Gracchi in Harpers Dictionary
Tiberius, elder son of the preceding, was born B.C. 163. Tiberius served his first campaign in Africa under his uncle
Scipio, and having obtained the office of consul's quaestor, we find him next under Mancinus, the unfortunate
commander in the Numantine War. His name, which the Numantines respected from remembering his father's virtues, is
said to have procured the terms under which Mancinus obtained safety for his army; but the Senate, on his return, was
so much displeased at the unfavourable nature of these conditions that it resolved on giving up all the principal
officers to the Numantines. By the good-will, however, of the popular assembly, influenced, as it would seem, by the
soldiers and their connections in the lower classes, it was decided to send Mancinus as the real criminal, and to
spare the other officers for the sake of Gracchus. Treatment of this nature was likely to rouse Gracchus against the
Senate, and make him the friend of the poor; and accordingly, in three years afterwards, we find him beginning his
short career as a political agitator. He was elected tribune of the people B.C. 128, and immediately began to attempt
the revival of the Licinian Rogations. (See Agrariae Leges; Rogationes Liciniae.) In so doing he appears to have had
in view the two grand principles which that law involved-namely, the employment of freemen in preference to slaves in
cultivating the soil, and especially the more generally recognized principle of the equitable division of the public
land. Three commissioners were appointed to superintend the working of the new law which Gracchus had proposed, if
Plutarch may be trusted, with the approval of some of the most eminent persons of the times, among whom were Mucius
Scaevola and Crassus the orator. Such general interest was excited by the question, that crowds arrived from all parts
of the country to support either side; and there appeared no doubt which way the matter would go when left to the
tribes.
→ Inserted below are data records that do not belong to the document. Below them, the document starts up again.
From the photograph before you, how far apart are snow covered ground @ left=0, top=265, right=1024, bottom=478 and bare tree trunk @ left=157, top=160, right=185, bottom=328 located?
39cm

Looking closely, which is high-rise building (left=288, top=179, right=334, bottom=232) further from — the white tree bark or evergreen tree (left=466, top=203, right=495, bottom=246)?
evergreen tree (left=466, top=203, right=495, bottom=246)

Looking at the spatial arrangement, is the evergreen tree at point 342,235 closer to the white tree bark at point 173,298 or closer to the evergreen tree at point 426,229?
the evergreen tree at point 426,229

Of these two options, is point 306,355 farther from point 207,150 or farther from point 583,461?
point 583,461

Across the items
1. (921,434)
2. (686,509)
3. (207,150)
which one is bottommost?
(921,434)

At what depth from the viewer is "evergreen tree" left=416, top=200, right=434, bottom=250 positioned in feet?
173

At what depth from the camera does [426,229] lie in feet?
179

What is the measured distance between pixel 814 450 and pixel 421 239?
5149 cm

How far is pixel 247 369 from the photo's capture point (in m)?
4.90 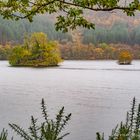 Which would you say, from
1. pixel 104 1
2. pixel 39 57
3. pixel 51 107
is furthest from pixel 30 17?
pixel 39 57

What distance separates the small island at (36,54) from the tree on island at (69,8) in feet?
478

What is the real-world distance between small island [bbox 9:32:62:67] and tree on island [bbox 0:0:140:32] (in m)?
146

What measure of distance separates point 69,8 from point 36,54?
489 ft

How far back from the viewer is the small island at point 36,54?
15675 centimetres

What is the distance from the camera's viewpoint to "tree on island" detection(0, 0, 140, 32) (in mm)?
8110

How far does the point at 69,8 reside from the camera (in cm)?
941

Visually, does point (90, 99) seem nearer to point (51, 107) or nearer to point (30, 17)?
point (51, 107)

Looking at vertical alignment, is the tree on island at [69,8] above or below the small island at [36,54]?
above

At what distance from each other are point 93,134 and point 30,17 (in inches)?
745

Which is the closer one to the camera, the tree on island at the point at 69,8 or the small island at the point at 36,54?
the tree on island at the point at 69,8

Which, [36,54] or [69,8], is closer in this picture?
[69,8]

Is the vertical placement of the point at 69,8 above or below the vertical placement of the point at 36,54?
above

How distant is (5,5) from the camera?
997cm

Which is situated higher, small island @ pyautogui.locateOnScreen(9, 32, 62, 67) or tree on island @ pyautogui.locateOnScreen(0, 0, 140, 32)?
tree on island @ pyautogui.locateOnScreen(0, 0, 140, 32) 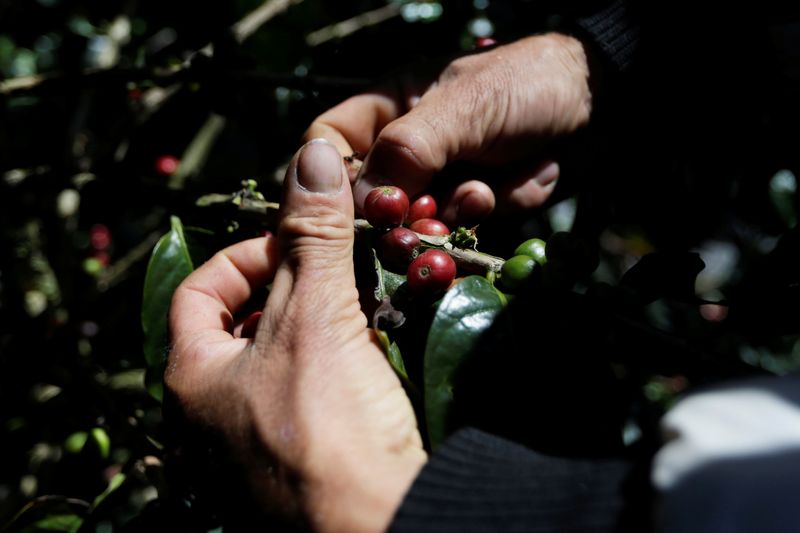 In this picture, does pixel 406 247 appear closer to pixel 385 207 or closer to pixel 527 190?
pixel 385 207

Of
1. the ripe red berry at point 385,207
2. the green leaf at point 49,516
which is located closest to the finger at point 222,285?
the ripe red berry at point 385,207

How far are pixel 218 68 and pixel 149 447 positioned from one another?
125 cm

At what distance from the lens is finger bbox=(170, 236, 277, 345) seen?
A: 58.9 inches

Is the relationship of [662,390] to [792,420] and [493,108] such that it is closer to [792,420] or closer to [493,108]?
[493,108]

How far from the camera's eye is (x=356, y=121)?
192 centimetres

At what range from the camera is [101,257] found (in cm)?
315

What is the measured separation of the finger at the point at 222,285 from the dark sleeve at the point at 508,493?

The aristocracy, however, secured the veto of M. Octavius, one of the tribunes, and thereby quashed the
proceedings whenever the law was brought on, which violent mode of opposition led Gracchus to exercise his veto on
other questions, stop the supplies, and throw the government into the most complete helplessness.
Thus far the contest had been constitutional; but now, Gracchus, irritated by continual opposition, invited Octavius
to propose his [Gracchus's] ejection from the office of tribune; and on his refusal, pleading the utter uselessness of
two men so different in sentiment holding the same office, he put the question to the tribes that Octavius be ejected.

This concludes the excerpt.